Quelle responsabilité pour les dirigeants d‘associations ?

Publication dans la Revue des APAJH n°115 - février 2017.

 

Contrairement à une idée fausse largement répandue, particulièrement dans les associations à but non lucratif, les dirigeants engagent leur responsabilité personnelle dans le cadre de leurs activités associatives. Compte tenu de la nature de leurs missions, particulièrement dans le domaine médico-social, cette responsabilité peut avoir des conséquences dramatiques tant pour les dirigeants que pour l’association et ses usagers.

Publication dans la Revue des APAJH n°115 - février 2017.

 

Notion de dirigeant

Ce sont les statuts qui déterminent l’organisation de la direction de l’association.

Sont considérés comme dirigeants le Président, les administrateurs, et le ou les directeurs dans la limite des délégations de pouvoirs qui leur sont données.

 

Responsabilité civile

Responsabilité à l’égard de l’association

Parce qu’il est le mandataire de l’association, le dirigeant répond à l’égard de celle-ci des fautes qu’il commet dans l’exercice de sa mission (article 1992 du Code civil). Il s’agit d’actes contraires à la loi, aux statuts ou aux intérêts de l’association

La responsabilité des dirigeants d’une association peut être recherchée devant les tribunaux, pour les fautes commises dans leur gestion, sous réserve que ces fautes aient fait subir un dommage à l’association et que cette dernière en demande réparation.

La faute de gestion n’est pas définie par la loi et ce sont les tribunaux qui la déterminent au cas par cas.

Classiquement, c‘est un acte ou une omission qui ne s‘inscrit pas dans l‘intérêt social de l‘association.

Ce sera par exemple le cas des dirigeants qui procèdent à des dépenses dans leur intérêt personnel.

Mais aujourd‘hui, une faute de gestion peut aussi bien viser une fraude ou un abus caractérisés, qu‘une simple imprudence dans la conduite de l‘association.

Ce sera ainsi le cas d’un manque de surveillance ayant facilité un détournement de fonds ou des dépenses somptuaires par rapport aux moyens financiers et/ou à l’activité de l’association

Responsabilité à l’égard des membres ou des tiers

A l’égard des tiers, c’est l’association qui est normalement responsable des fautes commises par le dirigeant dans l’exercice de son mandat.

Mais la responsabilité personnelle du dirigeant peut être mise en cause lorsqu’il commet une faute séparable de ses fonctions.
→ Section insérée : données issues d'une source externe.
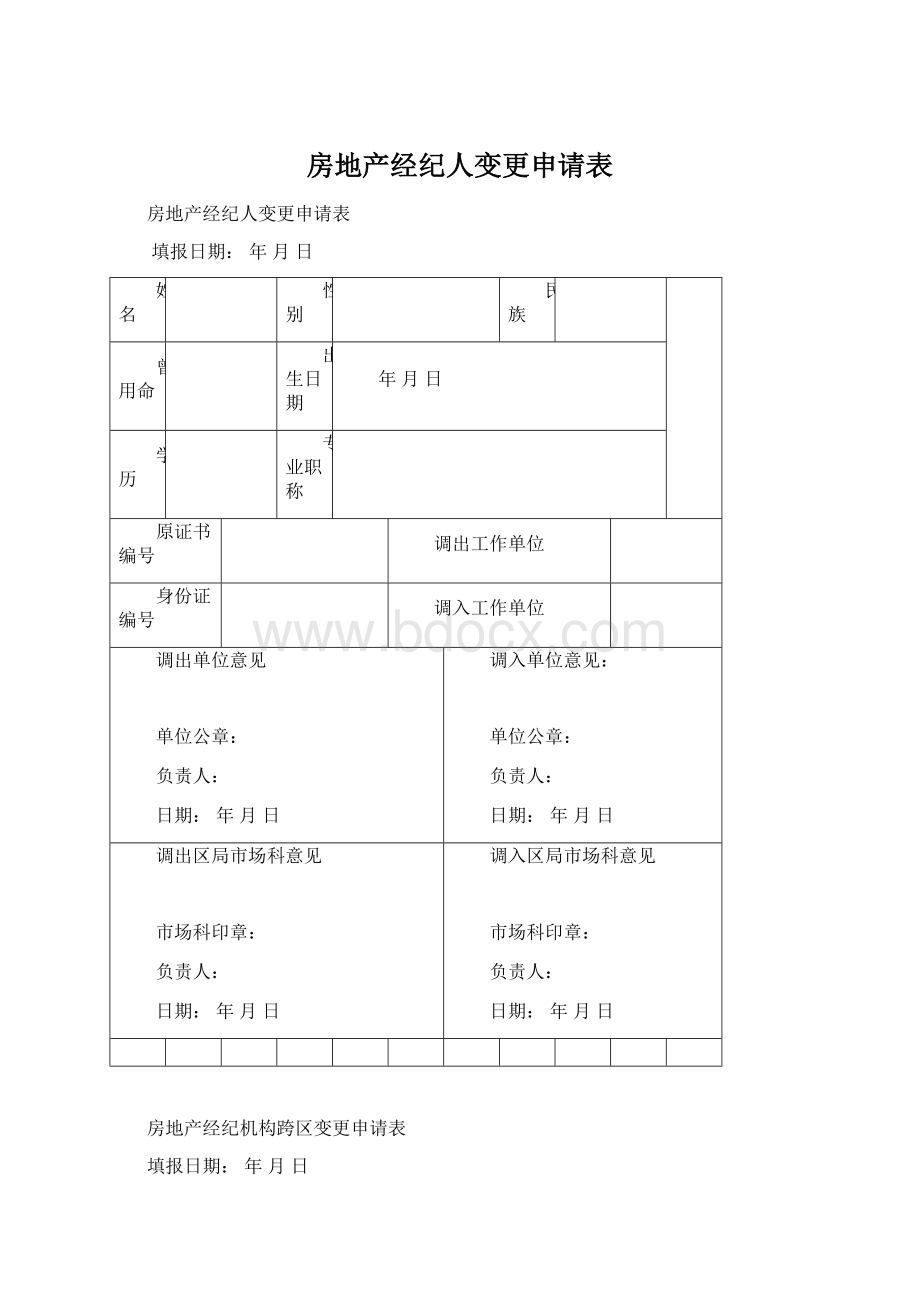 房地产经纪人变更申请表Word格式.docx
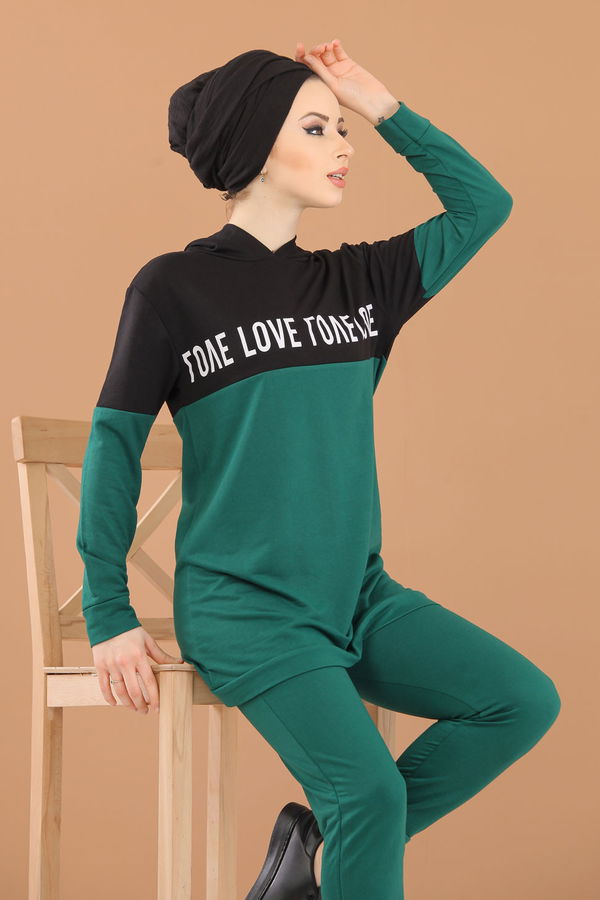 Kapşonlu Tunik Pantolon Haki Yeşil - 8221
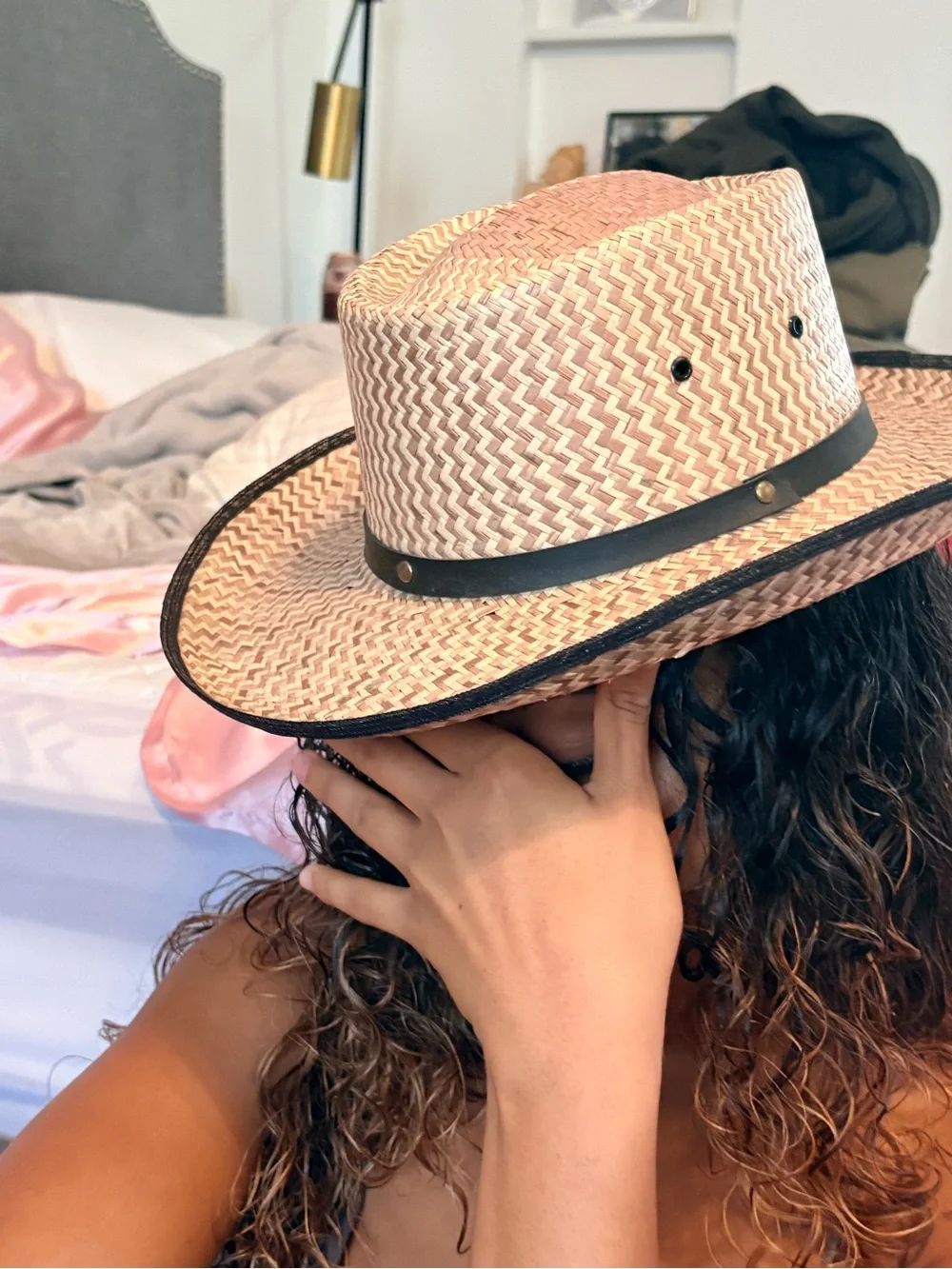 Straw Rancher Hat with Black Trim - Natural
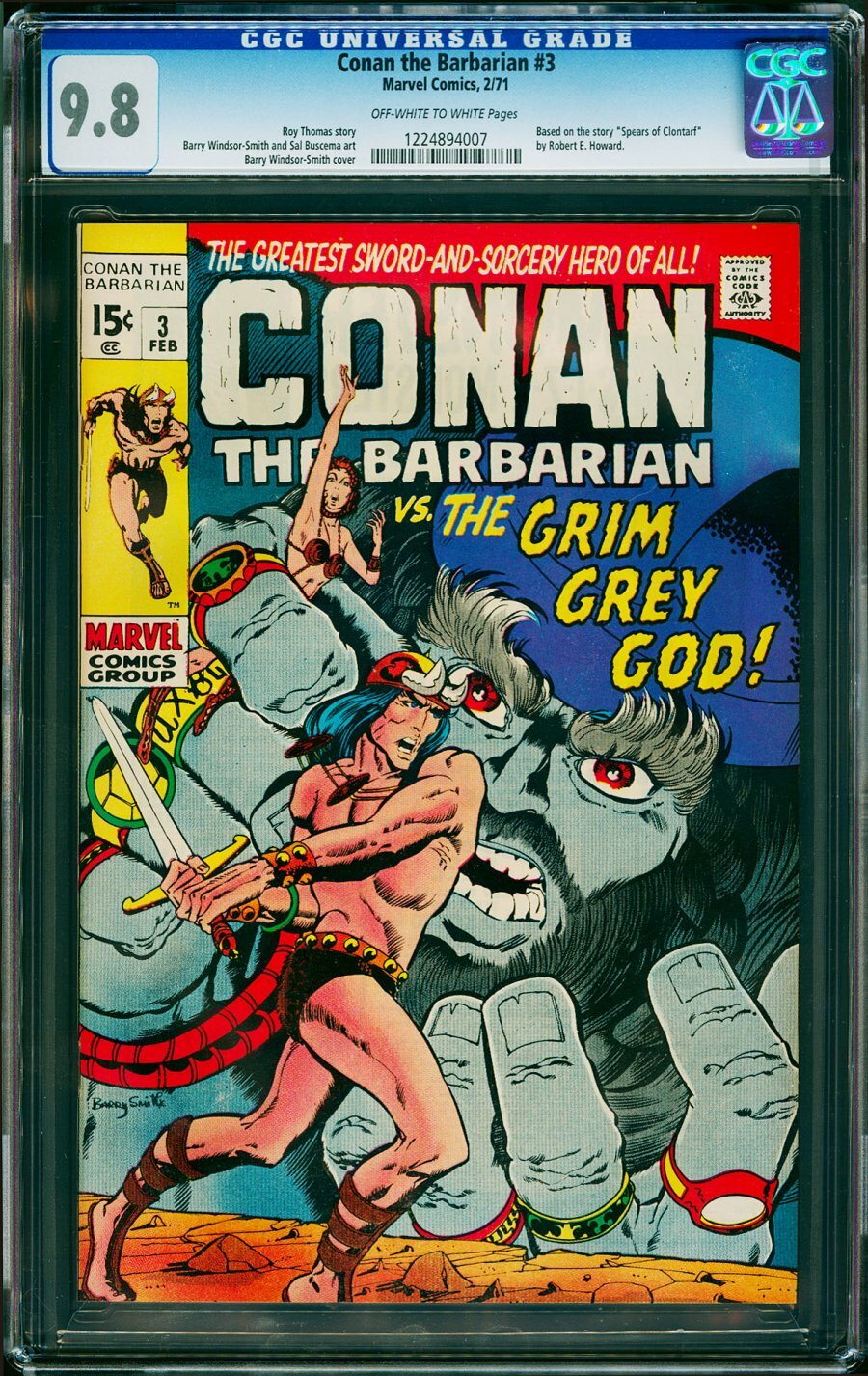 Conan the Barbarian #3 CGC 9.8 Marvel 1971 Rare High Grade M4 127 cm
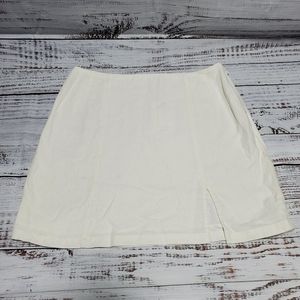 NWT Glassons White Linen Mini Skirt with Slit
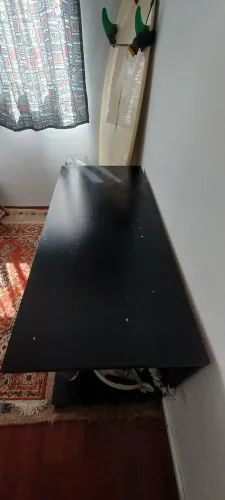 Mesa / Aparador Preto Multiuso em Madeira - Estilo Moderno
Il en est ainsi lorsque le dirigeant commet intentionnellement une faute d‘une particulière gravité incompatible avec l‘exercice normal des fonctions sociales (Cass.com 20 mai 2003 n° 99-17092), peu important que le dirigeant ait agit ou pas dans la limite de ses attributions (Cass.com 10 février 2009 n°07-20445).

 

Responsabilité pénale

Accident intentionnel ou non

Si l‘article L 121-2 du Code pénal prévoit que les personnes morales sont responsables pénalement " des infractions commises, pour leur compte, par leurs organes ou représentants ", cela n‘exclut pas que les dirigeants puissent aussi être poursuivis.

En cas d’accident, le caractère intentionnel est constitué en cas de mise en danger « délibérée » d’autrui ou de non-respect d’obligations de prudence ou de sécurité prévues par la loi (article L 121-3 alinéas 2 et 3 du Code pénal).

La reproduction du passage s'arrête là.